Originally Posted by Pinkk

I'm fairly certain I have the correct answer, but I just want to verify.

$\sum_{k=1}^{\infty}\frac{k^{2}x^{k}}{2\cdot 4\cdot 6\cdot \cdot \cdot (2k)}$

So I used the ratio test:

$\lim_{k\to \infty}|\frac{a_{k+1}}{a_{k}}| = \lim_{k\to \infty}\frac{(k+1)^{2}|x|^{k+1}}{4\cdot 6\cdot 8\cdot \cdot \cdot (2k+2)}\cdot \frac{2\cdot 4\cdot 6\cdot \cdot \cdot (2k)}{k^{2}|x|^{k}}=2|x|\lim_{k\to \infty}\frac{k^{2}+2k+1}{2k^{3}+2k^{2}}<1$

Well, the limit goes to zero, so I end up with:

$2|x|\cdot 0 < 1$

$0<1$

So that means the series is convergent for all values of $x$ , so the radius of convergence is $\infty$ and the interval of convergence is $(-\infty,\infty)$ .
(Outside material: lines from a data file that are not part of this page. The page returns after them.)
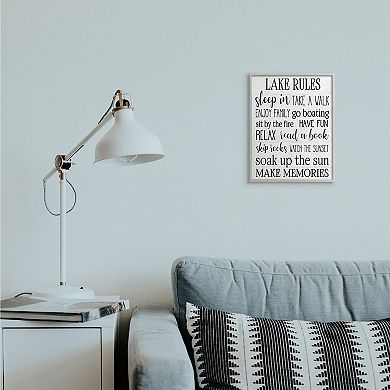 Stupell Home Decor Motivational Lake Rules Framed Wall Art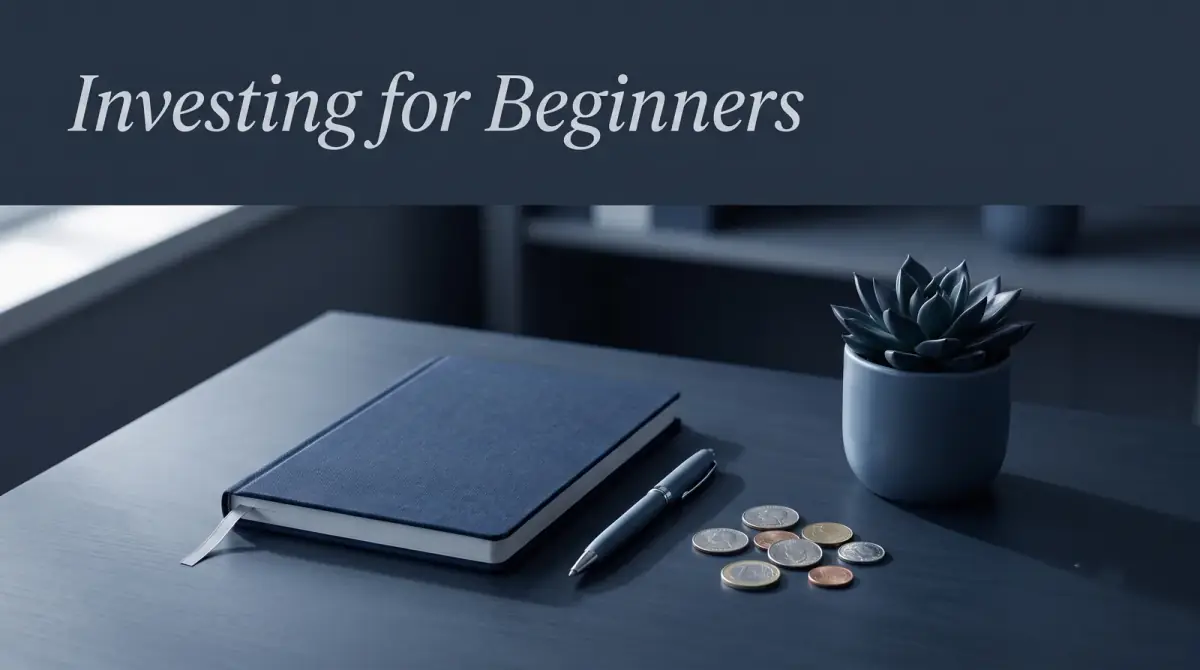 a tidy desk with a plain notebook, a pen, a few coins and a small plant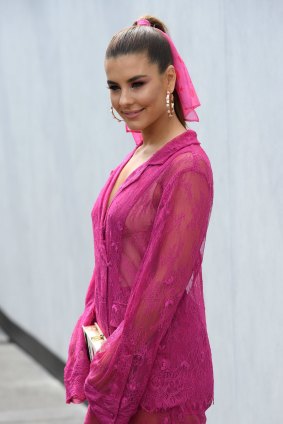 Television presenter Lauren Phillips was also thinking pink. 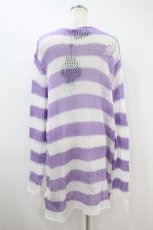 画像2: KILL STAR / Viola Knit Sweater L ホワイト×パープル H-26-09-27-049-PU-TO-KB-ZH (2)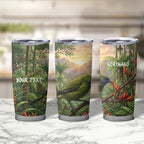 Bellbird New Zealand Personalised Tumbler Cup Korimako Harakeke Flower Native Forest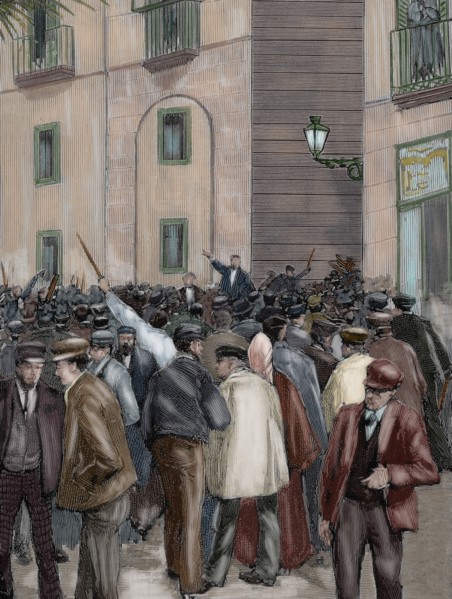 Workers' demonstration outside the Captaincy General, Barcelona, Spain, 1890. Creator: Rico.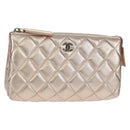 CHANEL Matelasse Pouch Lamb Skin Pink Silver CC Auth 166350SAM-1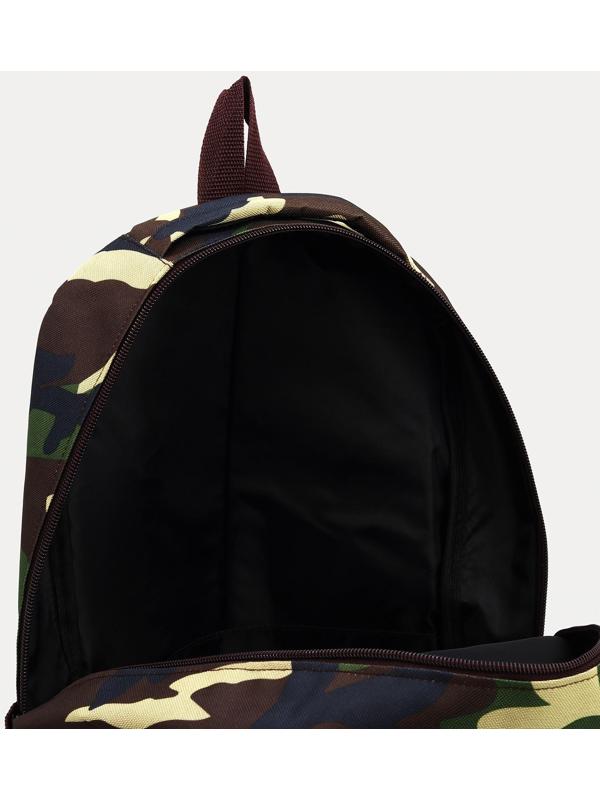 Рюкзак туристический, 2 отдела на молниях, 5 наружных карманов, цвет камуфляж/хаки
Just a note about your ratio test.

Note that

$\frac{k^2 + 2k + 1}{2k^3 + 2k^2} = \frac{(k + 1)^2}{2k(k + 1)}$

$= \frac{k + 1}{2k}$

$= \frac{k}{2k} + \frac{1}{2k}$

$= \frac{1}{2} + \frac{1}{2k}$

As $k \to \infty$ , the limit tends to $\frac{1}{2}$ . So you're right about the ratio being less than 1 and so the series is convergent. Just looks better :P

**Soroban** · May 10th 2009, 06:19 PM

Hello, Pinkk!

You're absolutely correct . . . nice work!

$\sum_{k=1}^{\infty}\frac{k^{2}x^{k}}{2\cdot 4\cdot 6\cdot \cdot \cdot (2k)}$

I would do it like this . . .

Note that: . $2\cdot4\cdot6\hdots (2k) \;=\;2^k(1\cdot2\cdot3\hdots k) \;=\;2^k\,k!$

. . So we have: . $\sum^{\infty}_{k=1}\frac{k^2x^k}{2^k\,k!}$

Ratio: . $\left|\frac{(k+1)x^{k+1}}{2^{k+1}(k+1)!}\cdot\frac {2^k\,k!}{k^2x^l}\right| \;\;=\;\;\left|\frac{2^o}{2^{k+1}}\cdot\frac{x^{k+ 1}}{x^k}\cdot\frac{k!}{(k+1)!} \cdot\frac{k+1)^2}{k^2}\right|$

. . . $= \;\;\frac{1}{2}\cdot|x|\cdot\frac{1}{k+1}\cdot\fra c{(k+1)^2}{k^2} \;\;=\;\;\frac{1}{2}\cdot|x|\cdot\frac{k+1}{k^2}\; \;=\;\;\frac{1}{2}\left(\frac{1}{k}+\frac{1}{k^2}\ right)|x|$

And: . $\lim_{k\to\infty}\left[\frac{1}{2}\left(\frac{1}{k} + \frac{1}{k^2}\right)|x|\right] \;=\;0 \quad\hdots\;\text{ etc.}$

**Pinkk** · May 10th 2009, 06:23 PM

@Prove It

Isn't it actually:

$\lim_{k\to \infty}\frac{k+1}{k^{2}}=0$

If the limit somehow equaled $\frac{1}{2}$ , then the radius of convergence would not be $\infty$ .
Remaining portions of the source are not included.